Even racial abilities are based on choice. Everyone can choose one of three abilities unique to their race once they hit level three.
There are other unique features too — like missed attacks being converted to more of a glance system so turns are never fully wasted — but I think that covers the broad strokes.
But at the end of the day, Wyrd Street is about the stories and the people more than the mechanics. It’s about outcasts doing their best in a hard world.

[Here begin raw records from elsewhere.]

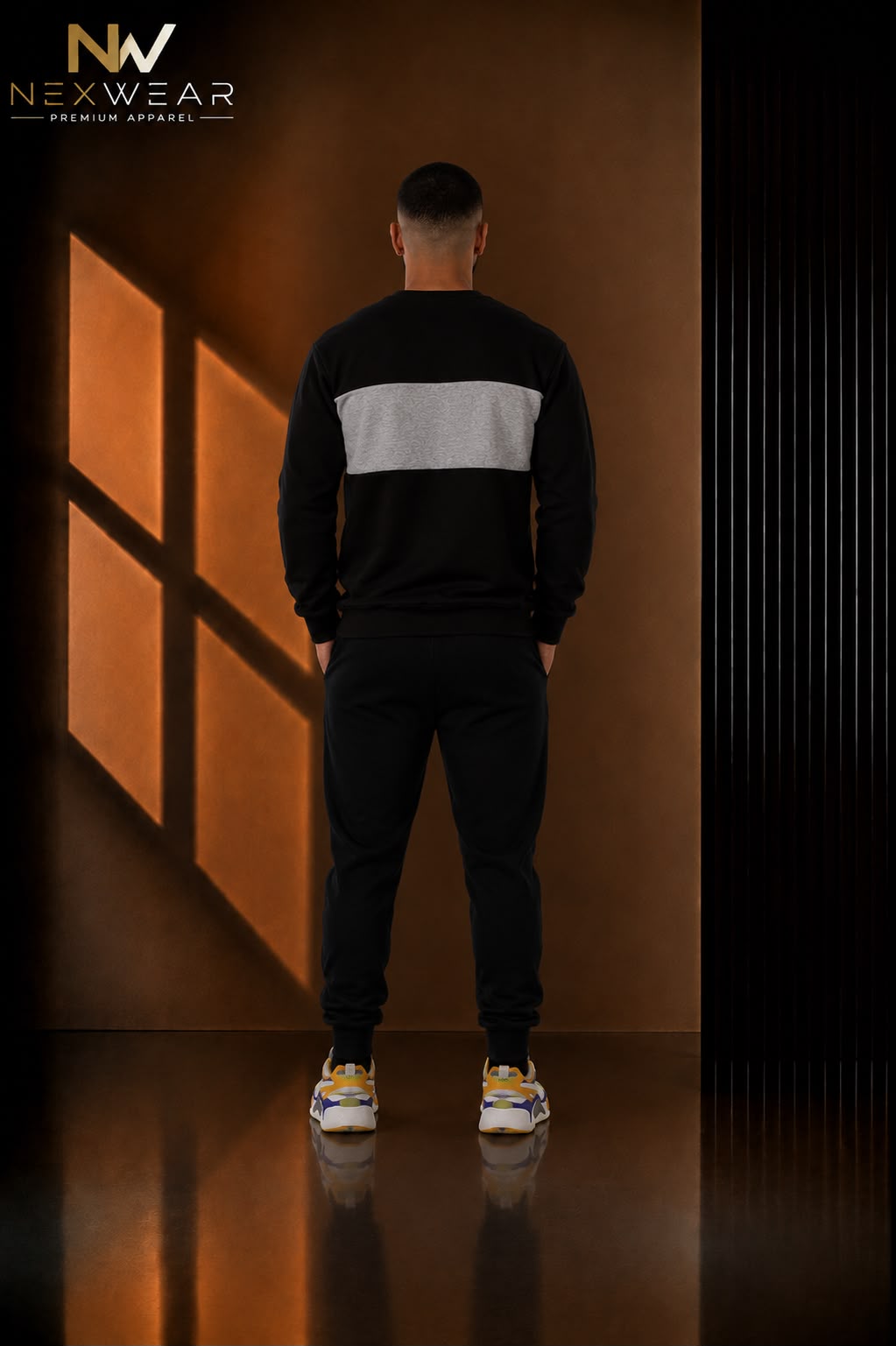 NEXWEAR Men's Premium Front Panel Sweat Suit & Joggers Set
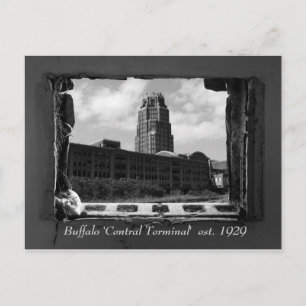 Buffalo 'Central Terminal' est. 1929 Postcard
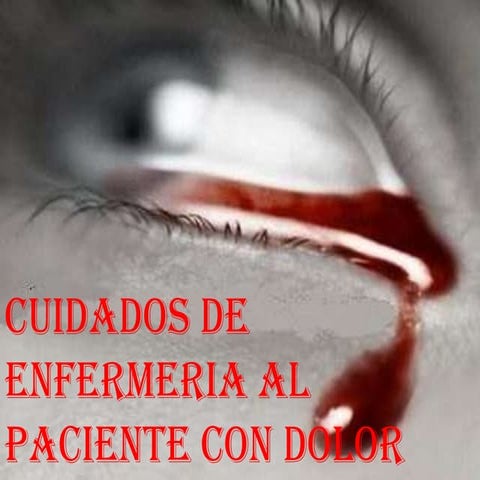 Cuidados al pte con dolor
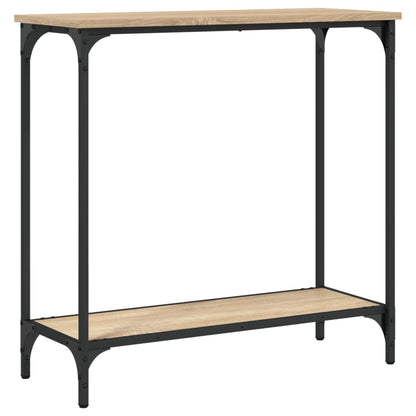 Tavolino Consolle Rovere Sonoma 75x30,5x75cm Legno Multistrato - homemem39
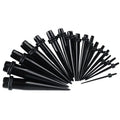 Ear Taper Kit Set for Body Piercing - Spiral Expander Plugs, 1.6mm-10mm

Before I go, I’ll leave you with another excerpt from the core rulebook:
Wyrd Street is different from other popular table-top RPGs in that the focus is less on grand heroics or world-changing events and more on intimate stories of ordinary people doing their best to protect their homes and the people they love. The heart of the game is found in the bonds between characters and the intricate details of the setting.
An effort has been made to make the cast of Wyrd Street as inclusive as possible in the hopes that anyone can feel represented within this world. If there is one rule in Wyrd Street that trumps all others, it is this: Anyone can be a hero.
Wow this is an interesting tool indeed. I’ve always wanted to make maps for my own projects too, and now I think I just could. Thanks for sharing!
Reblogged this on DDOCentral.
Thanks for the link, that looks very interesting. Always inspring to read about rpg projects like this, I’m working on a adventure path for 5E myself so something this substantial would be too big a distraction, but I do have the seed of an idea for my own campaign setting stored away to work on some day…
I like this concept. Mundane can be very magical and epic. Good stuff, sir.
I don’t know if I’d call it mundane exactly. It’s a very high magic setting, so even playing as the least magical people in it can get pretty fantastical. But it is pretty down to earth in terms of stories and goals. I’m planning a major adventure where the goal is simply to find medicine for your ailing father.